§ Task objective
An exact reproduction of the lines below, from the first through the one with "What's up guys, it's", is the whole answer; pictures have no place in it.

§ Collected data
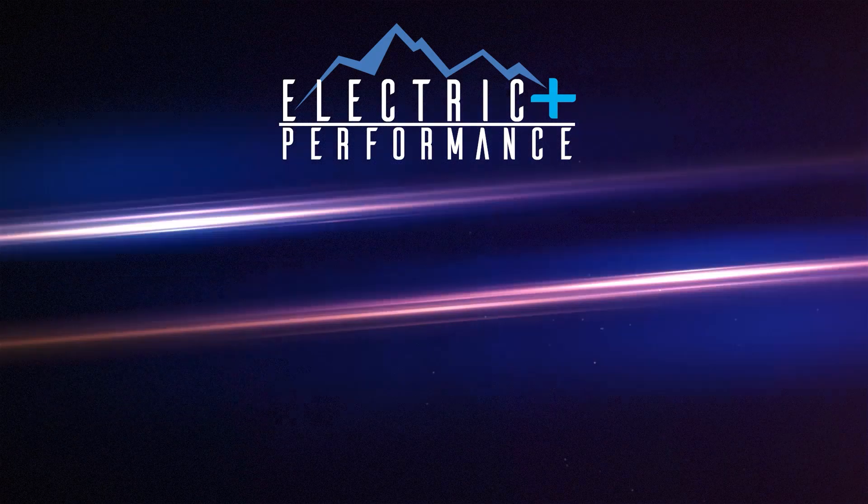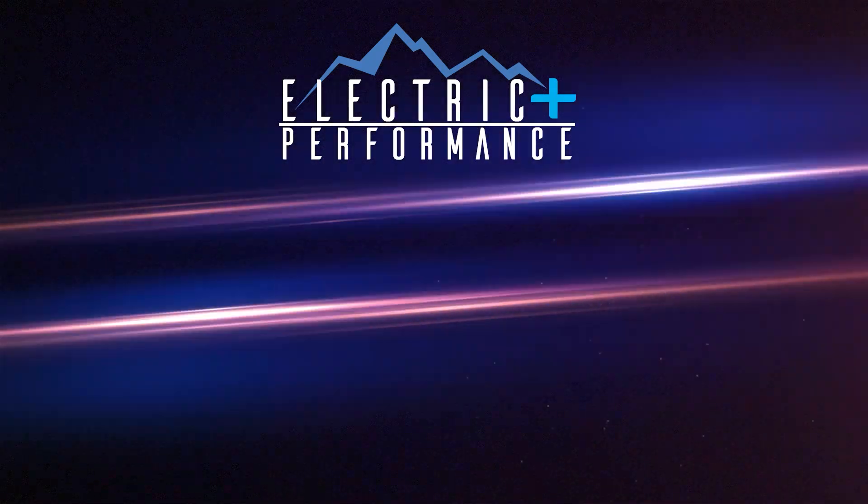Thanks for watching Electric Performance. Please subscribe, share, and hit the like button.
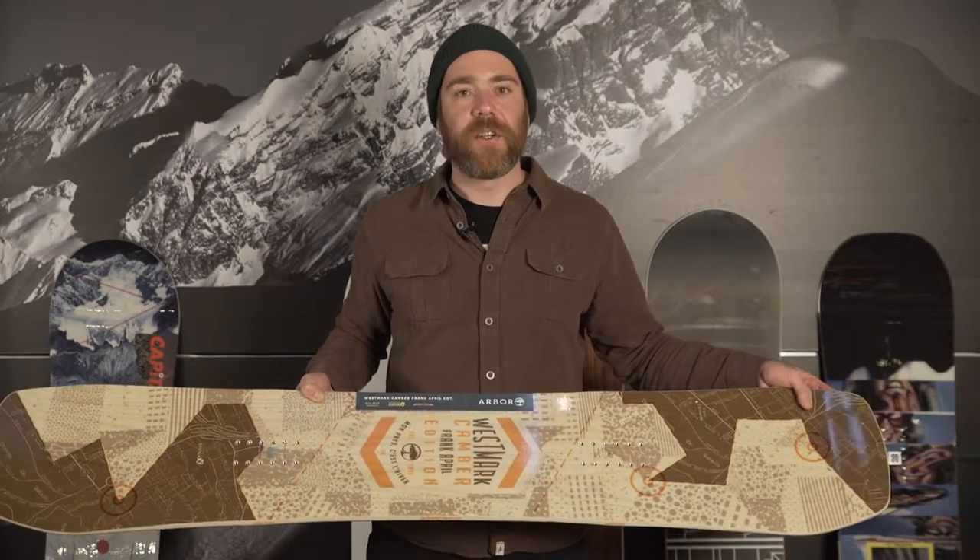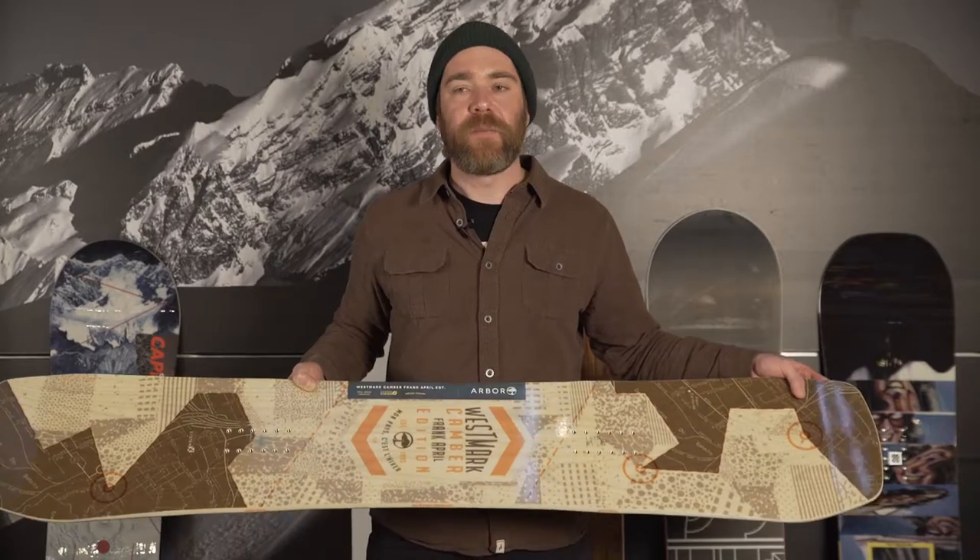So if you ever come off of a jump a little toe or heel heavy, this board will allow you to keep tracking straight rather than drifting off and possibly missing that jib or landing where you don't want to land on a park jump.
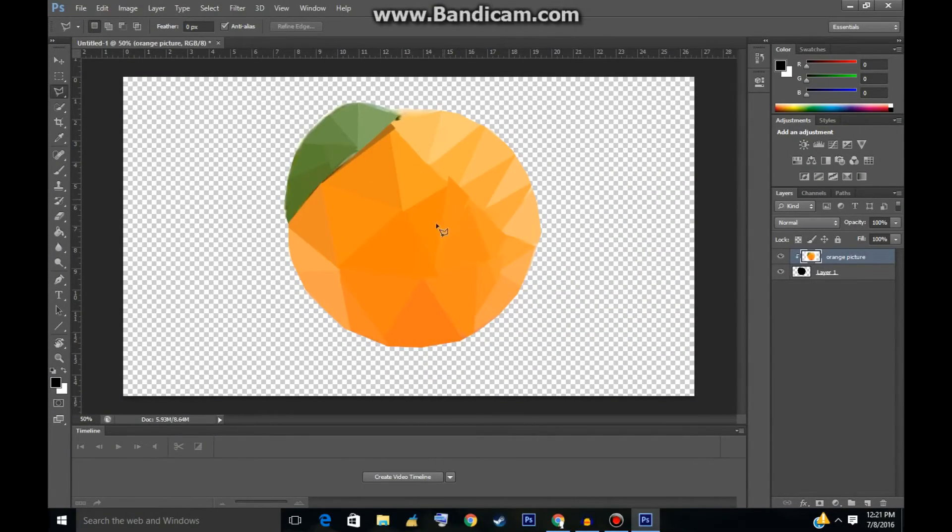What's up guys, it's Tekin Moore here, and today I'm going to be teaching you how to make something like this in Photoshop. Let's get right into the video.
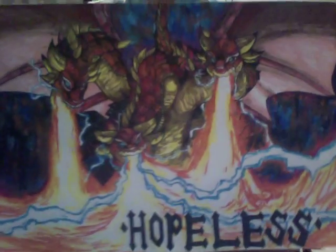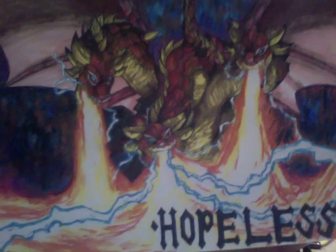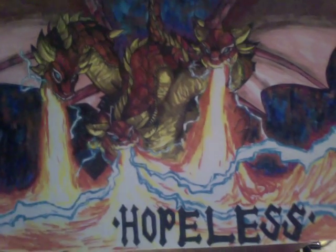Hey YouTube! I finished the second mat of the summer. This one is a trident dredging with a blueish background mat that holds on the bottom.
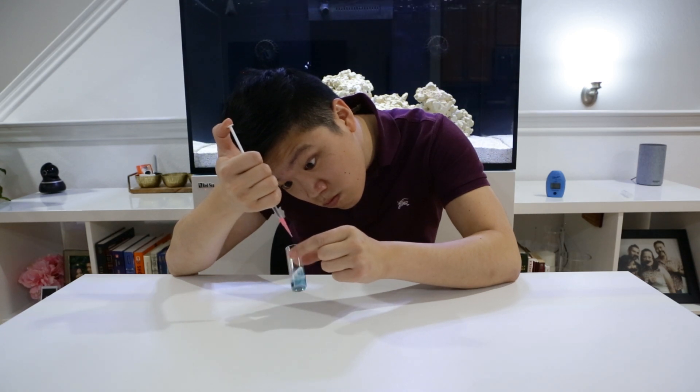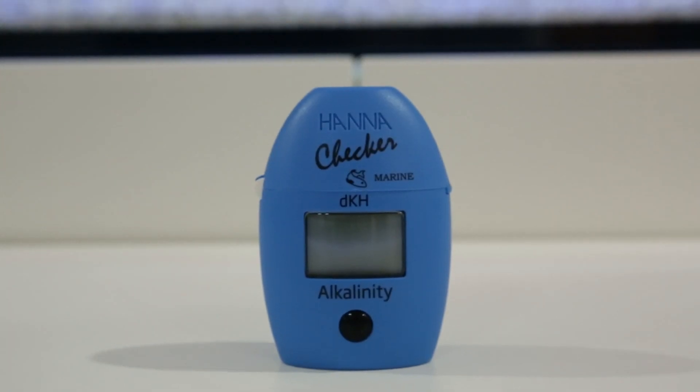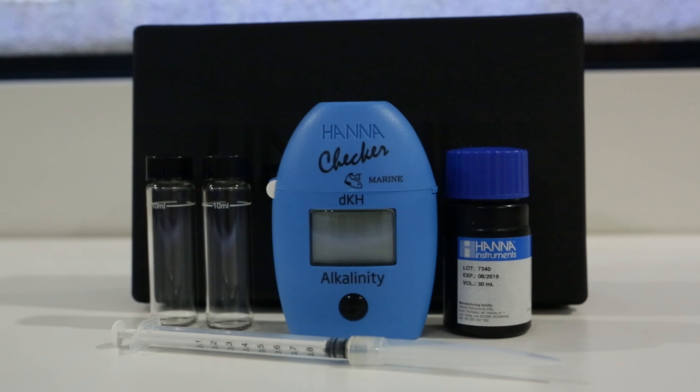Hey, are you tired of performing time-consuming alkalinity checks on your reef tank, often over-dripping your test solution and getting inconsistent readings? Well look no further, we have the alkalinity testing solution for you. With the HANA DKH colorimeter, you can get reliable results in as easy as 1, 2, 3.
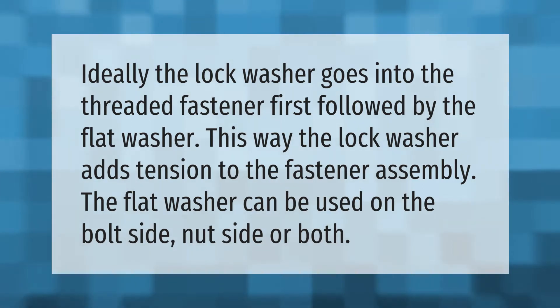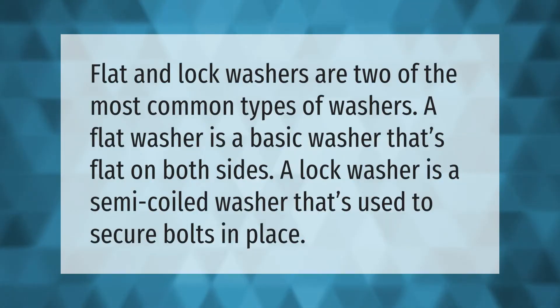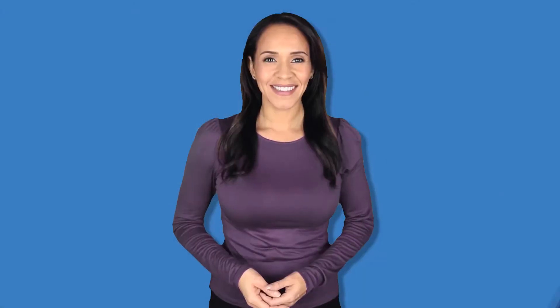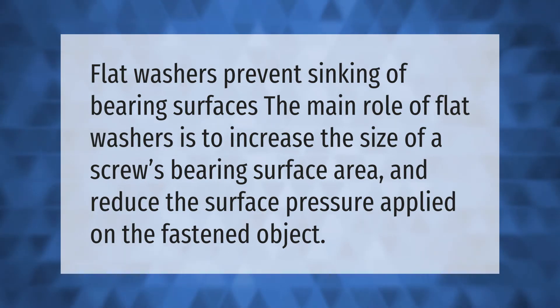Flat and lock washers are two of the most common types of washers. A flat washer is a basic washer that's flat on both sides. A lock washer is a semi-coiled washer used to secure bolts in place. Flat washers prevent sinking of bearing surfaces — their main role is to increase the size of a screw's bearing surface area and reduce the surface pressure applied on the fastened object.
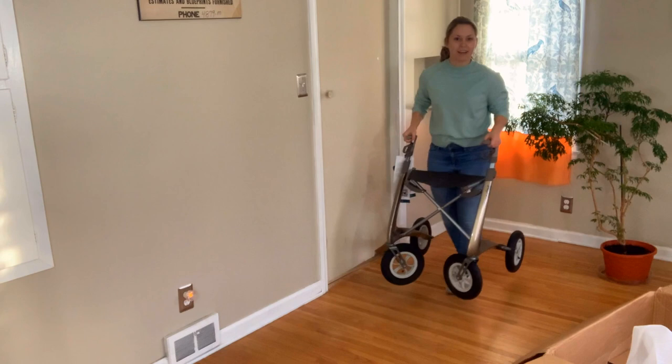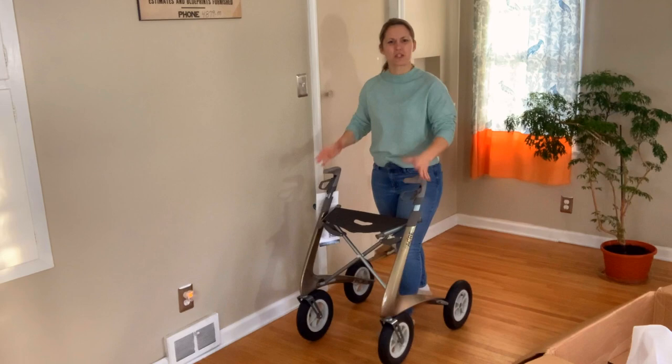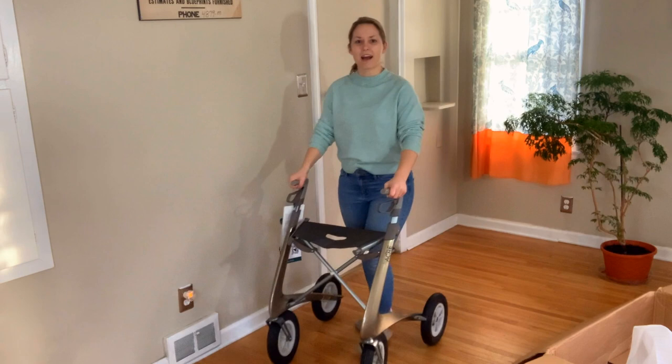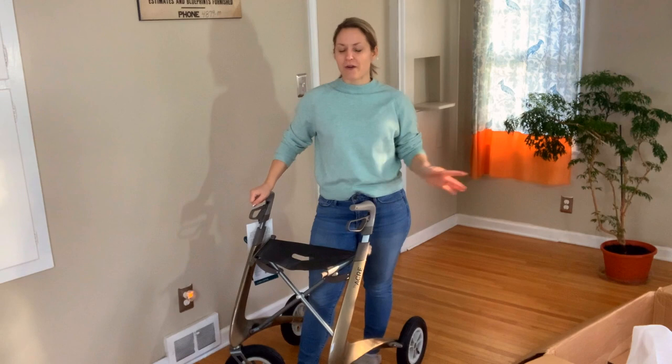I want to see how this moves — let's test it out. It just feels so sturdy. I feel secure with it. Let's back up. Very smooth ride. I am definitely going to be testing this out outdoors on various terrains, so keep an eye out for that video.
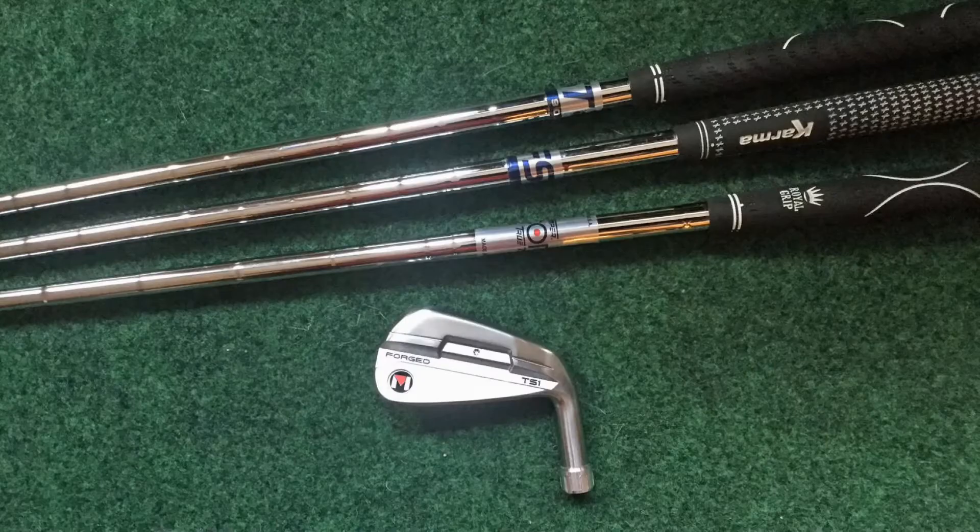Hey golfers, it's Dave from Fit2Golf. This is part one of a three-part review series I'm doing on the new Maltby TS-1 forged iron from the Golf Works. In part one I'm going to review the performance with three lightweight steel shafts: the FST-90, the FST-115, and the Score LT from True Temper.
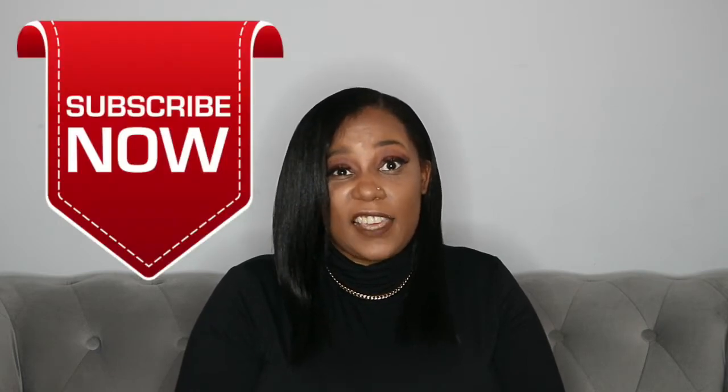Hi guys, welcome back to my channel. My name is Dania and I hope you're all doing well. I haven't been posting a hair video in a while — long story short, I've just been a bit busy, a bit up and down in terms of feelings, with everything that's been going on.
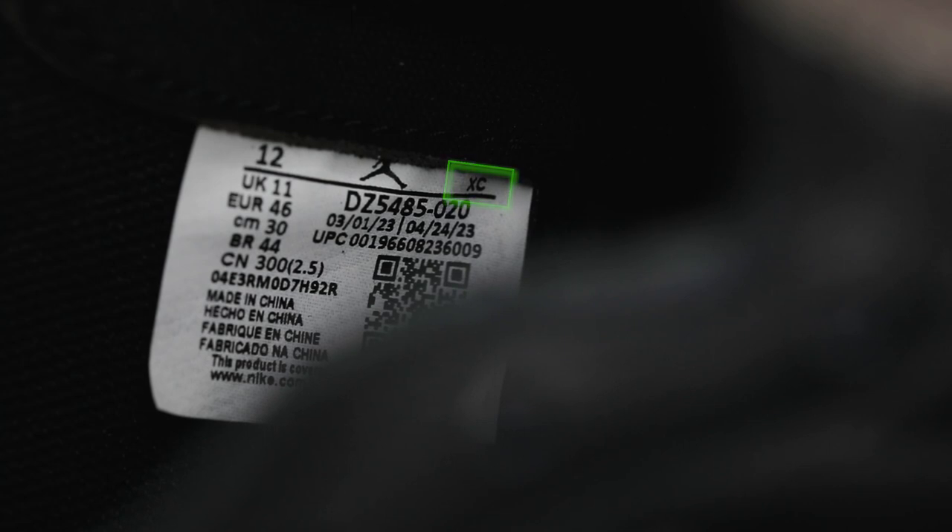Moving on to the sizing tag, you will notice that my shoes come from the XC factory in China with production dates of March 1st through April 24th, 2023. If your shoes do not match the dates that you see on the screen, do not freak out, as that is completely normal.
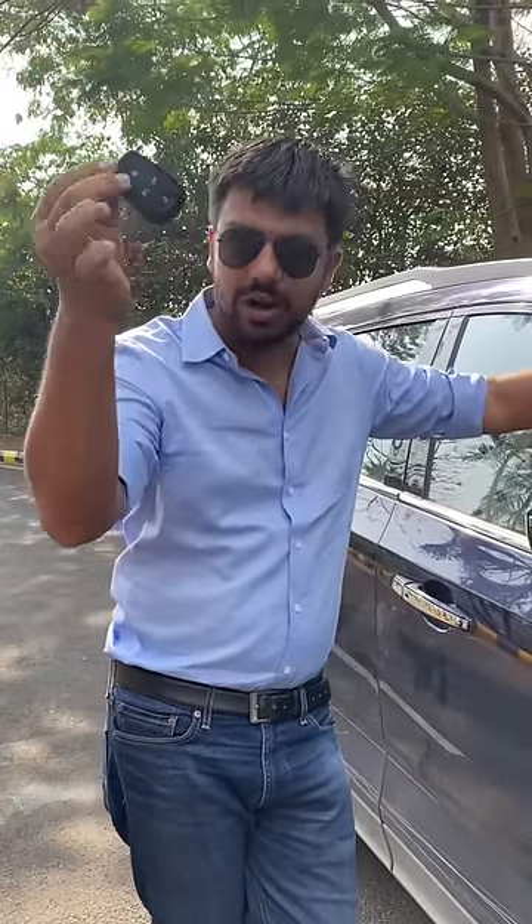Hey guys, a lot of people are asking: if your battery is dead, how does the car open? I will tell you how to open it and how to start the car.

§ Result of the task
Thanks for watching Electric Performance. Please subscribe, share, and hit the like button.
So if you ever come off of a jump a little toe or heel heavy, this board will allow you to keep tracking straight rather than drifting off and possibly missing that jib or landing where you don't want to land on a park jump.
What's up guys, it's Tekin Moore here, and today I'm going to be teaching you how to make something like this in Photoshop. Let's get right into the video.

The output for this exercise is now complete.